→ Problem details: Further down are entries; set down exactly and only the lines from the one with "La temperatura va augmentant" up to and including the one with "Haworthia ‘Crocodile Skin’", dropping each picture.

→ Material provided:

┌──

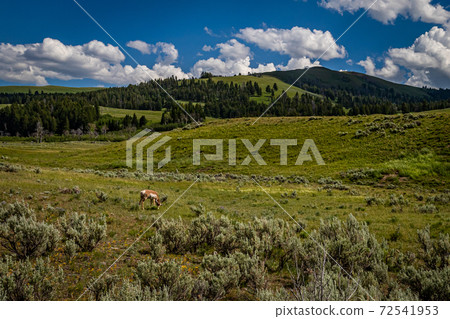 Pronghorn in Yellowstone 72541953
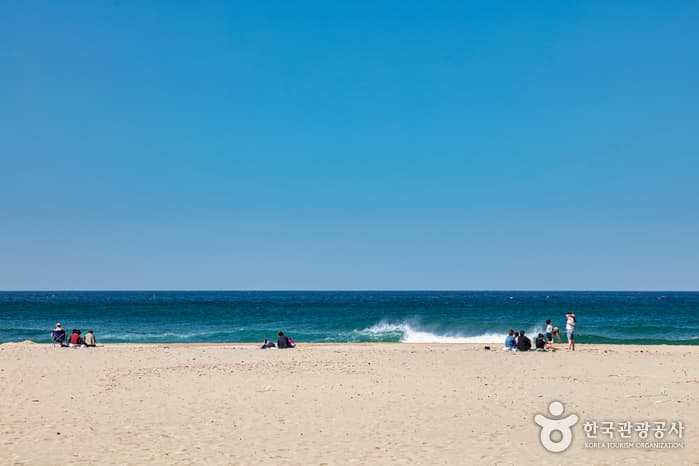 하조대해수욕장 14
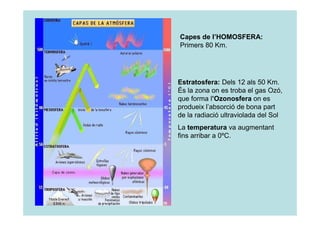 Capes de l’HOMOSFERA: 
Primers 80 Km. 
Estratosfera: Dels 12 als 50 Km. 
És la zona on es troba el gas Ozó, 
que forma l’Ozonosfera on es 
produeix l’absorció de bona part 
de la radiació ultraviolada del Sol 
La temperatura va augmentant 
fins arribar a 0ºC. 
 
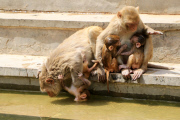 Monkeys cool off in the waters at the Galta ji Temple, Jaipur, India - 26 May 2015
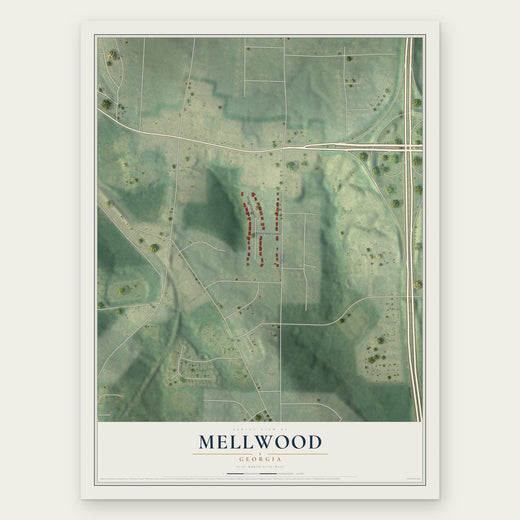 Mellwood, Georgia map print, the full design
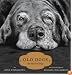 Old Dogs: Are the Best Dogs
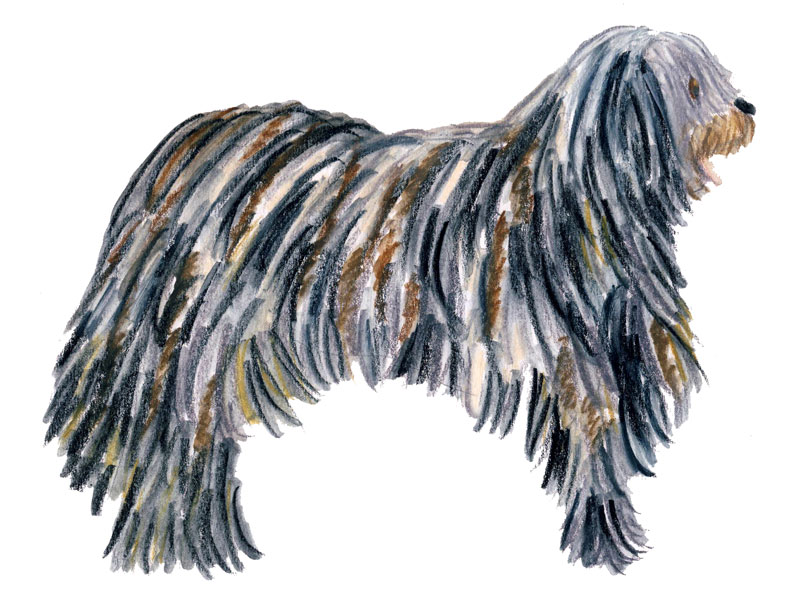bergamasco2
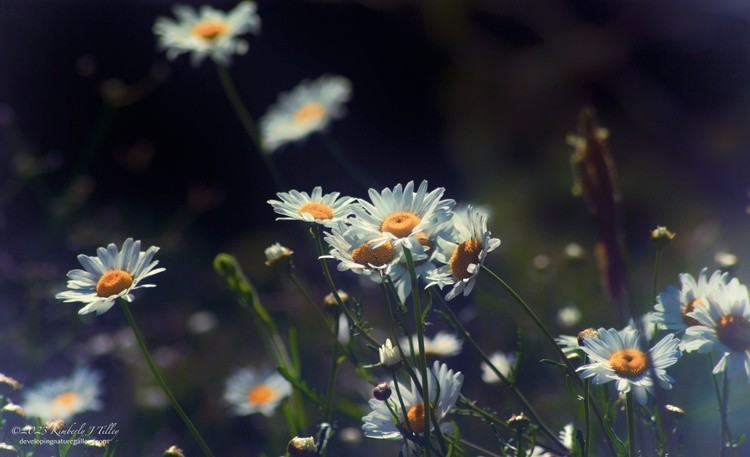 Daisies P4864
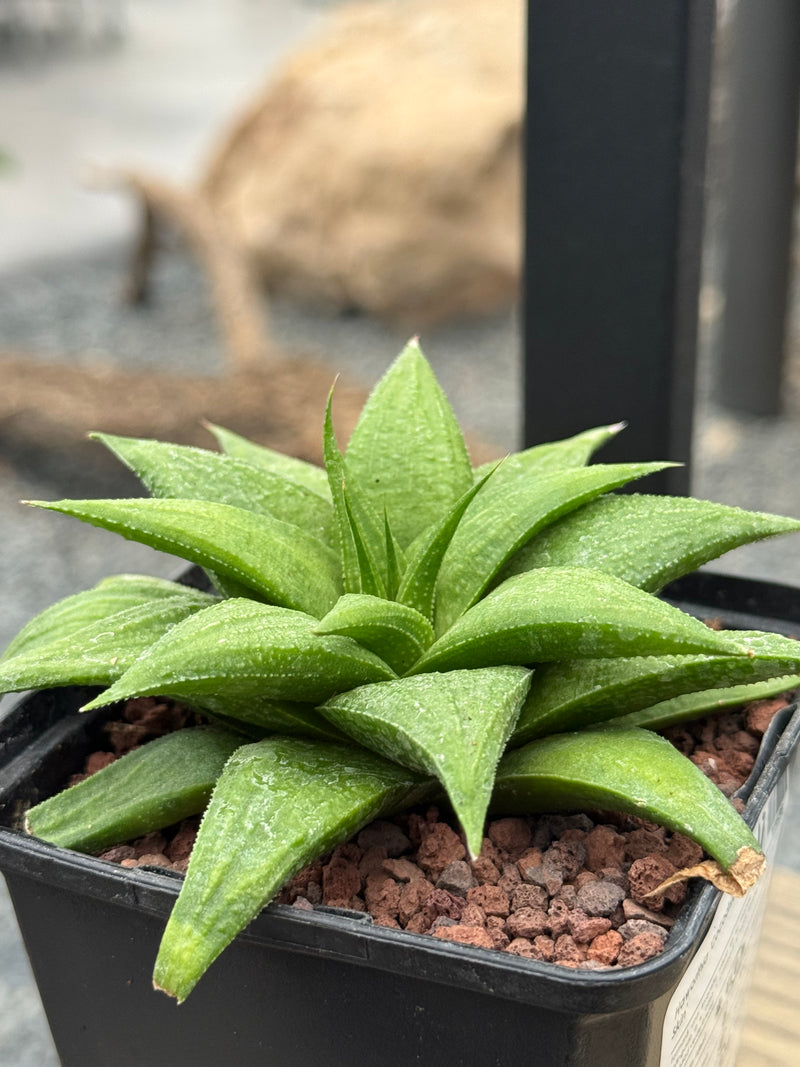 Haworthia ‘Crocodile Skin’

└──
┌──

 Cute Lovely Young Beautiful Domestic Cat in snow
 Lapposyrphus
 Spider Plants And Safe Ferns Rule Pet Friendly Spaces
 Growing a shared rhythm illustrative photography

└──

→ Answer area:
La temperatura va augmentant 
fins arribar a 0ºC. 
 
 Monkeys cool off in the waters at the Galta ji Temple, Jaipur, India - 26 May 2015
 Mellwood, Georgia map print, the full design
 Old Dogs: Are the Best Dogs
bergamasco2
 Daisies P4864
 Haworthia ‘Crocodile Skin’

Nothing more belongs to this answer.